Por Jimena Ortíz - El Economista
El papel del Estado como empresario ha sido motivo de debate a lo largo de la historia de México. En el sexenio pasado, el gobierno federal retomó el énfasis en su rol empresarial y puso al centro de las políticas públicas la preponderancia de empresas estatales en sectores clave como energía, infraestructura y telecomunicaciones. Paralelamente, aceleró el debilitamiento de su rol como regulador de sectores económicos por medio del adelgazamiento de las nóminas en las secretarías de Estado y órganos desconcentrados, y de la extinción de órganos reguladores constitucionalmente autónomos. Ahora, con nuevos arreglos institucionales e incluso, nuevos marcos jurídicos, nos encontramos ante un Estado empresario responsable de llevar a buen puerto el desarrollo económico del país. ¿Qué podemos esperar?
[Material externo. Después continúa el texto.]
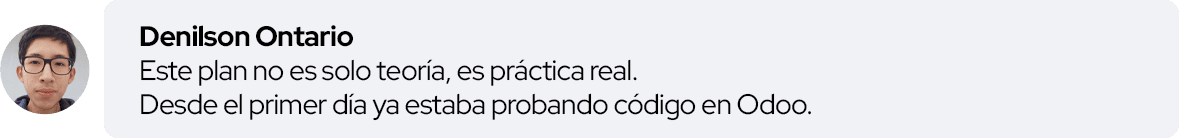 Odoo - Prueba 1 a tres columnas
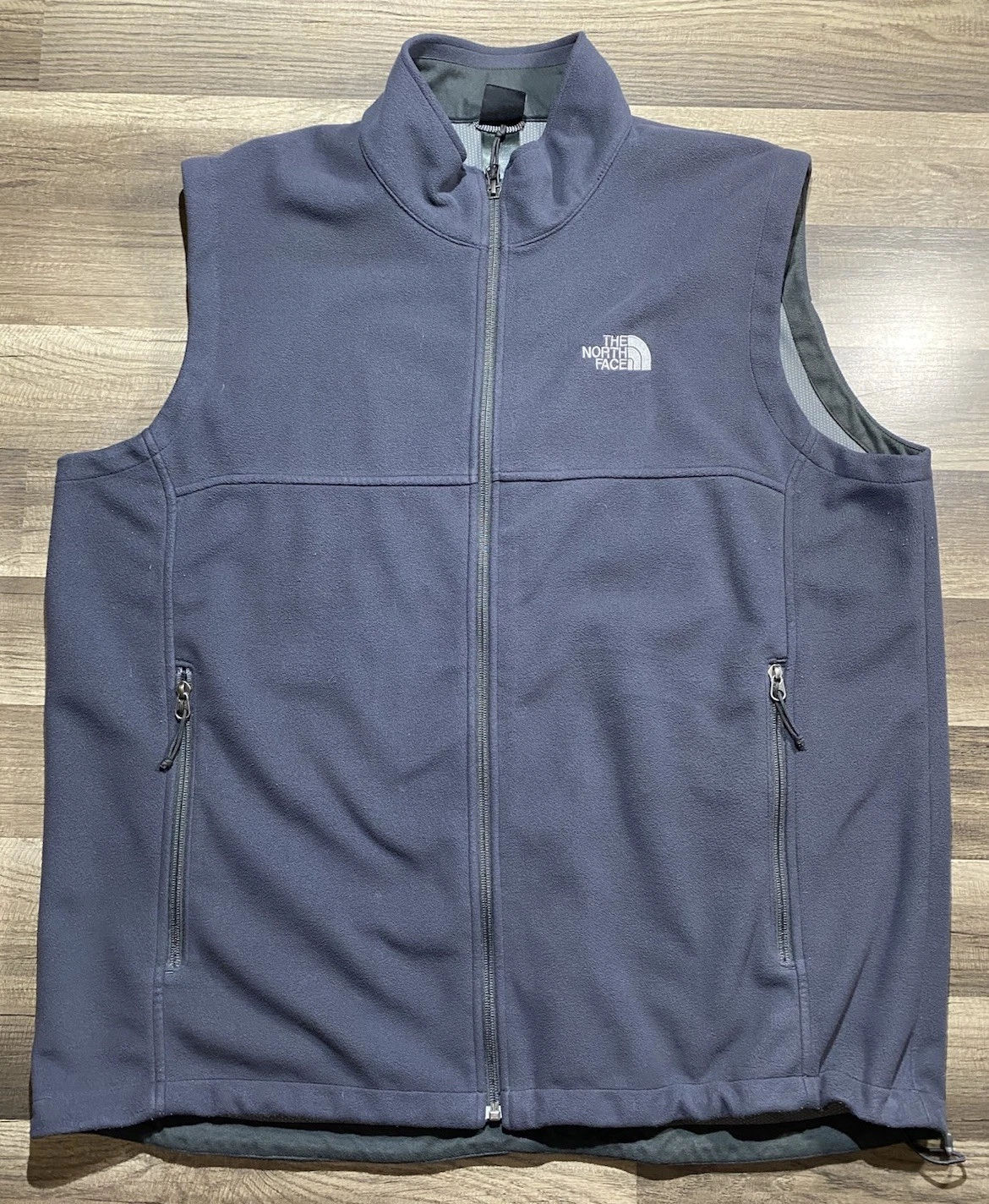 The North Face Vest Men’s XXL Gray Fleece Full Zip Lined Hiking Outdoor Gorpcore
Esta historia ya la vivimos. El modelo de Estado empresario en México alcanzó su auge en los años setenta, con un crecimiento exponencial que en 1982 llegó a acumular la propiedad de 1,100 paraestatales, muchas de ellas operando bajo criterios políticos y no financieros, cuestión que afectó a toda la economía al generar ineficiencias, corrupción y la necesidad de financiar vía el erario sus pérdidas financieras, lo que incrementó la deuda pública y finalmente provocó una grave crisis fiscal. Las consecuencias fueron ajustes drásticos al gasto y una subsecuente política de privatizaciones en los años noventa; es decir, el gobierno se vio obligado a reducir drásticamente su participación en la economía, vendiendo o cerrando muchas de esas empresas.